EXERCISE GOAL.
Would you give again, exactly as written, the lines from the opening of the records to the line with "Bonesta-Tatacoa Shiny Crimson", that line included and pictures excluded?

(Caption-style text data)

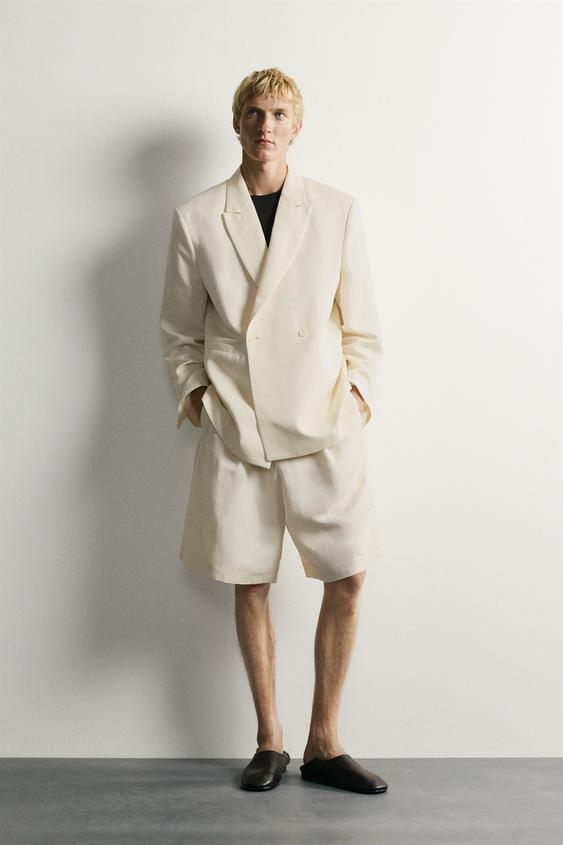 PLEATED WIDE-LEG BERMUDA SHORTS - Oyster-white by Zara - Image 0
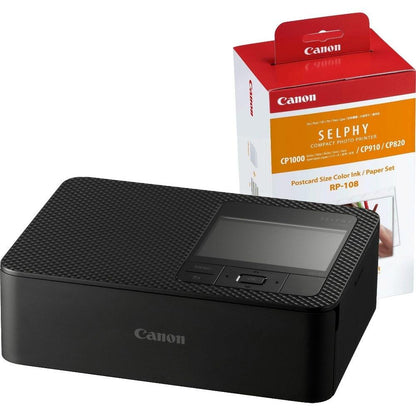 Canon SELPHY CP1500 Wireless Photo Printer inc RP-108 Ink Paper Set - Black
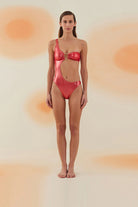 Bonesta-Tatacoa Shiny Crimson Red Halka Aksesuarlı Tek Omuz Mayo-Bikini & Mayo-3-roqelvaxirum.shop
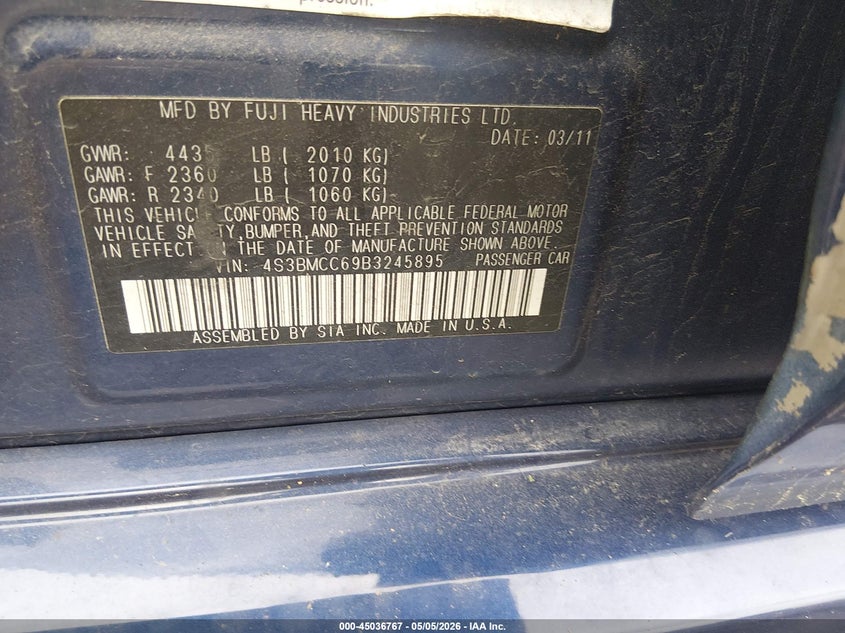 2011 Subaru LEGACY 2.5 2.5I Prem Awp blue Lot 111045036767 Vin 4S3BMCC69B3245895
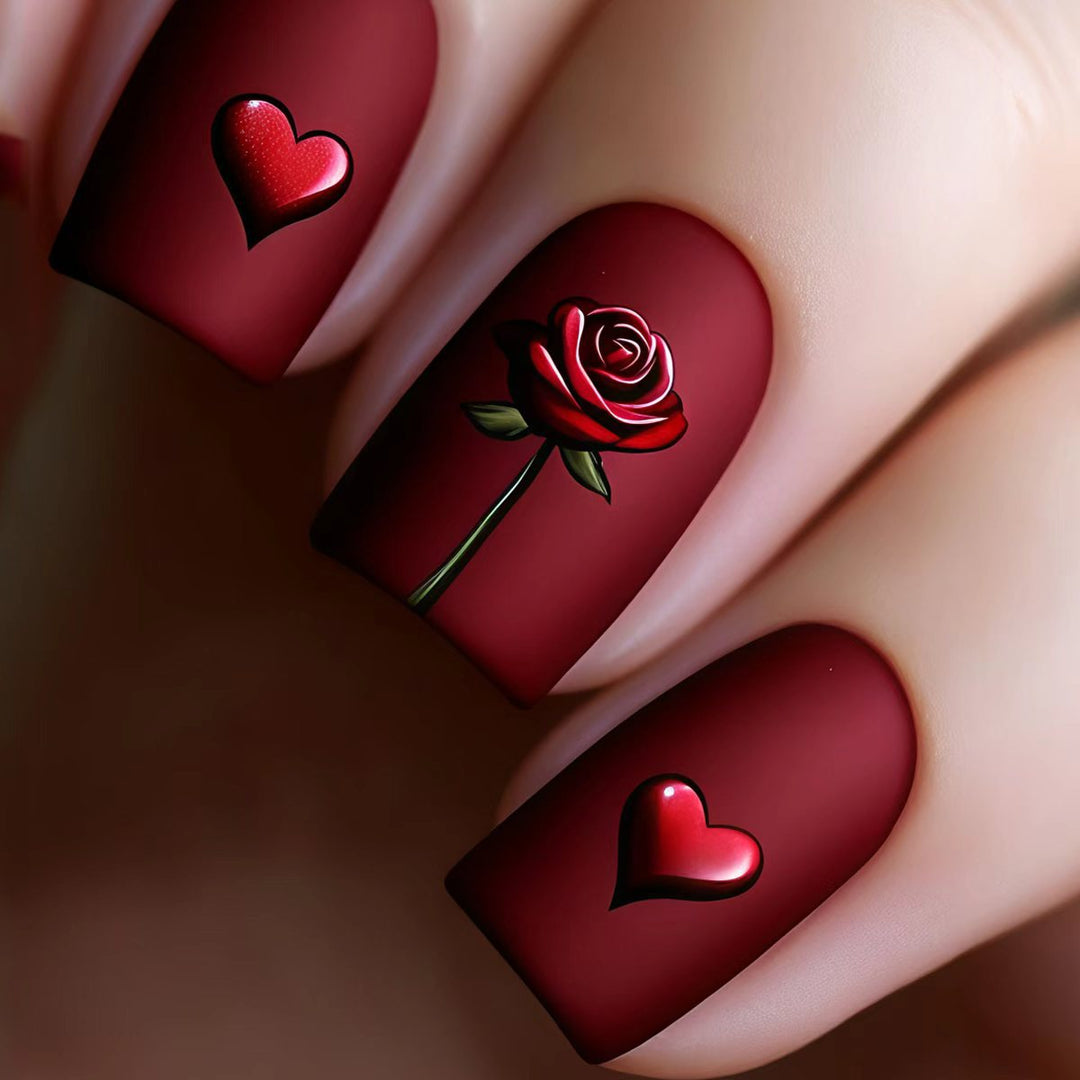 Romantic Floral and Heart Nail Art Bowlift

YOUR SOLUTION.
 PLEATED WIDE-LEG BERMUDA SHORTS - Oyster-white by Zara - Image 0
 Canon SELPHY CP1500 Wireless Photo Printer inc RP-108 Ink Paper Set - Black
 Bonesta-Tatacoa Shiny Crimson Red Halka Aksesuarlı Tek Omuz Mayo-Bikini & Mayo-3-roqelvaxirum.shop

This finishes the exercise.